→ BRIEF
Return all of the material, keeping each line exactly as it is.

→ TASK MATERIAL

* * * * *

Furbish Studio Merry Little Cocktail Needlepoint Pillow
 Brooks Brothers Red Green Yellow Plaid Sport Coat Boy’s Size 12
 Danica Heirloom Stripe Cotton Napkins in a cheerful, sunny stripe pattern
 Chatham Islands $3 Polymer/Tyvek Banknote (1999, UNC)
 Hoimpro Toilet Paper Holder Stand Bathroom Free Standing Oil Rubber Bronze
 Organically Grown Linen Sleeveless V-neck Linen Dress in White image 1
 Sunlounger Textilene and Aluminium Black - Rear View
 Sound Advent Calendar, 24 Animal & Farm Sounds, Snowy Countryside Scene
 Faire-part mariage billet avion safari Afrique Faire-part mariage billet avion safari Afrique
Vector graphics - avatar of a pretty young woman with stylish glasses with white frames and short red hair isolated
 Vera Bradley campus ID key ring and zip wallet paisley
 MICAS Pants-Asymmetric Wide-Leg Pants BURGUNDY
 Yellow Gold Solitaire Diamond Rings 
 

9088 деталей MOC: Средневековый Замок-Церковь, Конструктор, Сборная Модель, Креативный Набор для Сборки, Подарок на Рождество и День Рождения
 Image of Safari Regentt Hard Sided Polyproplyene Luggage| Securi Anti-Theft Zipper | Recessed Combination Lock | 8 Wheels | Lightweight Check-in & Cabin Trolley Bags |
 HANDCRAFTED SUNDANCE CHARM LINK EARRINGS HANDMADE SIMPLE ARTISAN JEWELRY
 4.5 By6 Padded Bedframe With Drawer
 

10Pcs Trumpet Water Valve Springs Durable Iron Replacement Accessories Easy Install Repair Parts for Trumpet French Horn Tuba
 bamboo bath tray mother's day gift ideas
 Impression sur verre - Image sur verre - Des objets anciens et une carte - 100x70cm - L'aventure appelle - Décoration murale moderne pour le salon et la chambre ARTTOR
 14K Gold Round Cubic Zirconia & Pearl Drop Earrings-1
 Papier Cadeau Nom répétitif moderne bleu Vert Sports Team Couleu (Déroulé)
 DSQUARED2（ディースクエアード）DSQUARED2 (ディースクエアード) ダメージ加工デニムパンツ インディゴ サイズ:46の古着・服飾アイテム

* * * * *

→ SOLUTION
Furbish Studio Merry Little Cocktail Needlepoint Pillow
 Brooks Brothers Red Green Yellow Plaid Sport Coat Boy’s Size 12
 Danica Heirloom Stripe Cotton Napkins in a cheerful, sunny stripe pattern
 Chatham Islands $3 Polymer/Tyvek Banknote (1999, UNC)
 Hoimpro Toilet Paper Holder Stand Bathroom Free Standing Oil Rubber Bronze
 Organically Grown Linen Sleeveless V-neck Linen Dress in White image 1
 Sunlounger Textilene and Aluminium Black - Rear View
 Sound Advent Calendar, 24 Animal & Farm Sounds, Snowy Countryside Scene
 Faire-part mariage billet avion safari Afrique Faire-part mariage billet avion safari Afrique
Vector graphics - avatar of a pretty young woman with stylish glasses with white frames and short red hair isolated
 Vera Bradley campus ID key ring and zip wallet paisley
 MICAS Pants-Asymmetric Wide-Leg Pants BURGUNDY
 Yellow Gold Solitaire Diamond Rings 
 

9088 деталей MOC: Средневековый Замок-Церковь, Конструктор, Сборная Модель, Креативный Набор для Сборки, Подарок на Рождество и День Рождения
 Image of Safari Regentt Hard Sided Polyproplyene Luggage| Securi Anti-Theft Zipper | Recessed Combination Lock | 8 Wheels | Lightweight Check-in & Cabin Trolley Bags |
 HANDCRAFTED SUNDANCE CHARM LINK EARRINGS HANDMADE SIMPLE ARTISAN JEWELRY
 4.5 By6 Padded Bedframe With Drawer
 

10Pcs Trumpet Water Valve Springs Durable Iron Replacement Accessories Easy Install Repair Parts for Trumpet French Horn Tuba
 bamboo bath tray mother's day gift ideas
 Impression sur verre - Image sur verre - Des objets anciens et une carte - 100x70cm - L'aventure appelle - Décoration murale moderne pour le salon et la chambre ARTTOR
 14K Gold Round Cubic Zirconia & Pearl Drop Earrings-1
 Papier Cadeau Nom répétitif moderne bleu Vert Sports Team Couleu (Déroulé)
 DSQUARED2（ディースクエアード）DSQUARED2 (ディースクエアード) ダメージ加工デニムパンツ インディゴ サイズ:46の古着・服飾アイテム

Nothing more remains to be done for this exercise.